Safety discussed in wake of Sioux Falls homicide
SIOUX FALLS (AP) — Residents want to boost safety in their Sioux Falls neighborhood after a woman was killed there.
A Monday night meeting of the Garfield Neighborhood Watch program that was organized just a year ago drew about 50 people — twice the normal turnout.
"We need to stand up and say, 'This is our neighborhood. We're going to keep it safe,'" watch coordinator Jolynn Peterson said.
Authorities are still seeking a suspect in the March 15 death of Kari Ann Kirkegaard, 56. Her family said she was found dead in her bathtub with the water running the next day.
Police believe a person captured by a nearby business security camera took Kirkegaard's vehicle from her home, drove it and later returned it to the area. They have asked for the public's help in identifying the suspect.
Despite the unease, most of Monday night's meeting focused on day-to-day concerns such as problems with speeding on residential streets and strangers loitering at night. A project already planned will put up dozens of new street lights in the neighborhood this spring.
Resident Ruth Malloy said she had hoped police would give an update on the Kirkegaard investigation at Monday's meeting but that "they didn't tell us anything, really."
Berdyne Bosler, who has lived in the area since 1974, said she has always felt safe because of her neighbors.

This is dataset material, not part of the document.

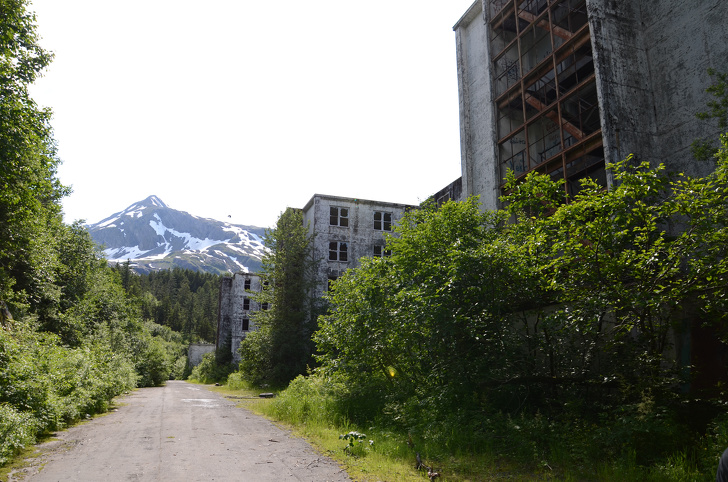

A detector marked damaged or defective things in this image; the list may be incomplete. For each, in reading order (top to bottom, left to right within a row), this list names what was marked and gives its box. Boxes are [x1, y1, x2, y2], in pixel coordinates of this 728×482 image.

"They seem to care. The neighborhood is very friendly, and this thing that happened near our house, that was a shock," Bosler said.
Police Officer Chris Schoepf, who attended the meeting, said residents care about the safety of the neighborhood and have been successful for the most part.
"This neighborhood has been really great on calling stuff in ... to me, it's a low-crime neighborhood," he said.